Ciò ha reso la Cina il più grande mercato di eFinance al mondo, con circa 500 milioni di utenti ePayment, 400 milioni di investitori che acquistano prodotti finanziari online e circa 160 milioni di sottoscrittori di prestiti online[4]. Con lo spostamento online dell’attività economica, si è prodotto un lungo elenco di vittime tra quelle realtà che sono state lente o incapaci ad adattarsi. Allo stesso tempo, ci preoccupa il fatto che il prezzo delle azioni di alcune società Internet cinesi possa essere viziato da un eccessivo ottimismo sulle loro prospettive. In futuro, la rivoluzione portata dall’innovazione online continuerà ad essere profonda, con conseguenze che andranno ben al di là del settore Internet. Per noi è fondamentale guardare alle proiezioni passate dei profitti a breve termine e monitorare le nostre partecipazioni in società Internet per rilevare eventuali segnali di rischio che esse possano passare da predatore a preda man mano che il settore si evolve.
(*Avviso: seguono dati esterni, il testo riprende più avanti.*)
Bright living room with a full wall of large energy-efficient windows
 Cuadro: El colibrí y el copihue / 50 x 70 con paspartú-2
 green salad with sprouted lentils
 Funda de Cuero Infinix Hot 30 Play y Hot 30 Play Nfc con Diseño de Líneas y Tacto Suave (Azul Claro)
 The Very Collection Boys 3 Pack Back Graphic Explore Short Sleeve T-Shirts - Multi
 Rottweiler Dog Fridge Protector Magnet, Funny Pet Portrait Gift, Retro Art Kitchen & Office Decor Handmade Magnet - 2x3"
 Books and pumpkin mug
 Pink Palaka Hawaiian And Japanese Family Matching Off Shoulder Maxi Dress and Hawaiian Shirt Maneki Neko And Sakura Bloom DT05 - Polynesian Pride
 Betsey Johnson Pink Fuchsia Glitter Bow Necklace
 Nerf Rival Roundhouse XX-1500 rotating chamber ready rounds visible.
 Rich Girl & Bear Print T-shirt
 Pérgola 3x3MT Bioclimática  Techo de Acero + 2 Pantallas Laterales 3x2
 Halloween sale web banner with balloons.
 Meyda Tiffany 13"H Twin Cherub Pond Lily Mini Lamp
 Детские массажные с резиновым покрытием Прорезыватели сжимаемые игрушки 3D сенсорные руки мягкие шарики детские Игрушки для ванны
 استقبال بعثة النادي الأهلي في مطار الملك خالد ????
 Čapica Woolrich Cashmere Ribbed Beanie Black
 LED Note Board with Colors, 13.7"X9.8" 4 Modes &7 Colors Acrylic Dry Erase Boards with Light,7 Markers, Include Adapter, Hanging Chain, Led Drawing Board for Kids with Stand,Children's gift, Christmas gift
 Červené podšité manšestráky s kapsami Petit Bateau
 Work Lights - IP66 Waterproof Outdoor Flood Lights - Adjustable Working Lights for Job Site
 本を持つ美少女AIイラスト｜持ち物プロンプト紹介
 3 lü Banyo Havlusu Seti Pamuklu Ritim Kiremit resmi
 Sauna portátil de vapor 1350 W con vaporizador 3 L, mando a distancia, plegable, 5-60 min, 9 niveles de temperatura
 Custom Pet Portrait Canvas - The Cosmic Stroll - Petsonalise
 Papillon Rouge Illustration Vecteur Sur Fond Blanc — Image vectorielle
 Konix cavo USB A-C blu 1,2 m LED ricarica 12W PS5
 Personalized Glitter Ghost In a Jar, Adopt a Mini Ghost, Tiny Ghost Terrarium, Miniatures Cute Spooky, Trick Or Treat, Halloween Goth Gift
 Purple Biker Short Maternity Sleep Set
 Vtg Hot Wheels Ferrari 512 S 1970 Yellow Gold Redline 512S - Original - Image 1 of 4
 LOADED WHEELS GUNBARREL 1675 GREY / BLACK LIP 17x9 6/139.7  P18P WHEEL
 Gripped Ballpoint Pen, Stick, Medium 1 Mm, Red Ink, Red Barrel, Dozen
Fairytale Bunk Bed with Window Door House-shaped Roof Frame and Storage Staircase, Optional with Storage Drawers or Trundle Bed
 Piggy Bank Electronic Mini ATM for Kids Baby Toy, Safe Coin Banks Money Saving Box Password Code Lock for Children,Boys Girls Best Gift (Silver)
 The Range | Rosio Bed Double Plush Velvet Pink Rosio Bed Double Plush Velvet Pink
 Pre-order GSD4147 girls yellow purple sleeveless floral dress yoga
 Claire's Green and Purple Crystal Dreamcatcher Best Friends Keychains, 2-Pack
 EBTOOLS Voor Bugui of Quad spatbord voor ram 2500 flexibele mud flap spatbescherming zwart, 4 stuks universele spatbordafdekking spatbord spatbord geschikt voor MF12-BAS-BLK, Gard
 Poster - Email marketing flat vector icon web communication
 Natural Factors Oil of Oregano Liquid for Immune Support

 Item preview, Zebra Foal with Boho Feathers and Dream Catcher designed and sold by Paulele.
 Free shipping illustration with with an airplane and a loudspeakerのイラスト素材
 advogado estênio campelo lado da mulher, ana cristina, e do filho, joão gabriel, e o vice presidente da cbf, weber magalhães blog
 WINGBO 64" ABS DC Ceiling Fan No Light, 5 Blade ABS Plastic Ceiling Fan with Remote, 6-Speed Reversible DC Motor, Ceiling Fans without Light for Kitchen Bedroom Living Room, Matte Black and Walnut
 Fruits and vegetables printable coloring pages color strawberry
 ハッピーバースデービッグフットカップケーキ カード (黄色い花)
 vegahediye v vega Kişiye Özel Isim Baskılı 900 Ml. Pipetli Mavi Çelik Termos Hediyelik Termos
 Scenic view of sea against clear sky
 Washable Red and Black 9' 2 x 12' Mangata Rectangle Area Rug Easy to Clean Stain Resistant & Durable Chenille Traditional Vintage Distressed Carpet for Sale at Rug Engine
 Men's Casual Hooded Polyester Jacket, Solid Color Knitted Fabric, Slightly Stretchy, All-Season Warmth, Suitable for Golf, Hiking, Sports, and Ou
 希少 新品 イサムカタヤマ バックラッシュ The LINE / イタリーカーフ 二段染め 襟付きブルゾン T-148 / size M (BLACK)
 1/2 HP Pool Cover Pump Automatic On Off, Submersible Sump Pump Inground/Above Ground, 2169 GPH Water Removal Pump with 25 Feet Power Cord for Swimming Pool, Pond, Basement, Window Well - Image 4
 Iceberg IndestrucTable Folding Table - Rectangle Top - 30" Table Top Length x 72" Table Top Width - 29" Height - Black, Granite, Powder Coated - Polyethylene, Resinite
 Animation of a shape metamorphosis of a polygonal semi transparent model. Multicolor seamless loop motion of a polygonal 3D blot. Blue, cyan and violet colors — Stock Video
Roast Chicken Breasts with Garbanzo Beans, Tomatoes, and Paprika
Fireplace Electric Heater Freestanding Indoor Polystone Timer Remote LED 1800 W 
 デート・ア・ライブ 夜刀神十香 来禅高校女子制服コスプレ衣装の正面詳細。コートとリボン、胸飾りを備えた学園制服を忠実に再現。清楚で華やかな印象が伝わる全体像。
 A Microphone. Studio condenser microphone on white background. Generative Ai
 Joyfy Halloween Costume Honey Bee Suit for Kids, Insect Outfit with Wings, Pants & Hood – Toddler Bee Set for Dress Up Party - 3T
Considerato che sia Madre Teresa che Donald Trump sono nati nell’Anno del Cane, non sorprende forse che le performance delle aziende cinesi saranno probabilmente molto variegati. I cambiamenti radicali hanno creato grandi opportunità, ma anche notevoli rischi. Finora, il contesto macroeconomico positivo ha sostenuto le imprese cinesi che altrimenti sarebbero state in difficoltà. Nel 2018, un cambiamento di questo ambiente potrebbe vedere venire meno questo sostegno, una situazione che potrebbe rappresentare un grosso colpo per quegli investitori che si mostrano incuranti rispetto alle sfide che attendono il Paese da qui in avanti. Nel 2018, stare “attenti al Cane” comporterà un approccio molto più selettivo, in quanto, nonostante le sfide, la Cina mantiene alcune delle opportunità bottom up più interessanti rispetto a qualsiasi altro mercato azionario globale.